Highlights & Insights¶
- Paradigm shift from "distilling knowledge" to "distilling behavior": Traditional CoT distillation trains small models to memorize reasoning processes; Agent distillation trains them to interact with external tools. The former is constrained by model parameter capacity, whereas the latter offloads knowledge storage and computation to external tools.
- The dual nature of First-Thought Prefix: FTP significantly improves mathematical reasoning by guiding the initial reasoning direction, but may cause the model to "answer confidently" on factual tasks rather than invoking retrieval tools, thereby increasing hallucination. This reveals the inherent tension between internal reasoning and external tool use in agentic systems.
- Even 0.5B models can serve as agents: This is a practically significant finding. Under standard prompting, 0.5B models are nearly incapable of producing valid agent outputs, yet after distillation they yield meaningful results across multiple benchmarks.
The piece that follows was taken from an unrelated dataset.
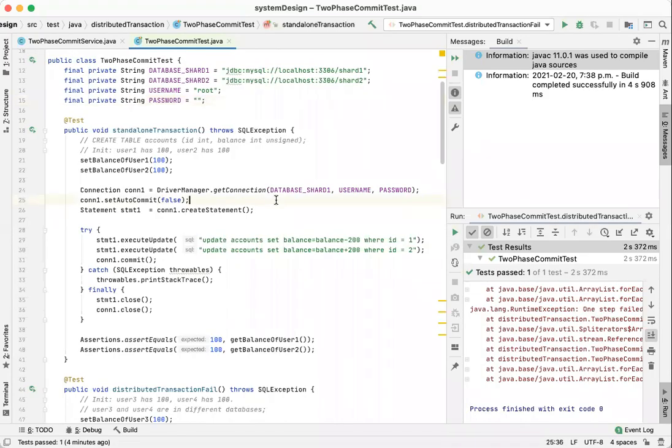Hello buddies. Today we give you a proof of concept of the two-phase commit. We need a two-phase commit for distributed transactions. It's not an issue for standalone transactions.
Limitations & Future Work¶
- Only retrieval and code tools are distilled; more complex agent scenarios involving web browsing or simulator interaction remain unexplored.
- Training uses only a single teacher trajectory per example; increasing the number of sampled trajectories may further improve performance.
- Agent distillation does not directly improve the core reasoning capacity of small models; RL post-training could provide additional gains.
- Code execution carries security risks; sandboxing solutions are not sufficiently discussed.
Related Work & Insights¶
- vs. Search-R1 / ToolRL: These works use RL to train LLMs to use search and tools; this paper employs SFT-based distillation to transfer agentic capabilities to very small models (0.5B–3B) at lower cost, without involving policy optimization.
- vs. GiGPO (2505.10978): GiGPO addresses the credit assignment problem in agent RL training, while this paper addresses the distillation of agent capabilities from large to small models. The two are complementary—distillation followed by RL fine-tuning is a viable pipeline.
- vs. FireAct / AgentTuning: These works primarily focus on agent fine-tuning of 7B+ models. This paper is the first to systematically investigate agent distillation for extremely small models (≤3B) and proposes solutions specifically targeting small-model failure modes (code generation failures and reasoning direction drift).
Rating¶
- Novelty: ⭐⭐⭐⭐ — Distilling agentic behaviors into extremely small models is a valuable new direction; FTP and SAG are simple yet effective designs.
- Experimental Thoroughness: ⭐⭐⭐⭐⭐ — Four model scales, eight benchmarks, cross-architecture validation, and extensive ablation analysis.
- Writing Quality: ⭐⭐⭐⭐ — Well-structured; Figure 1's performance comparison and Figure 2's conceptual diagram are intuitive.
- Value: ⭐⭐⭐⭐ — Directly applicable to building low-resource deployable agents, though constrained by the SFT paradigm.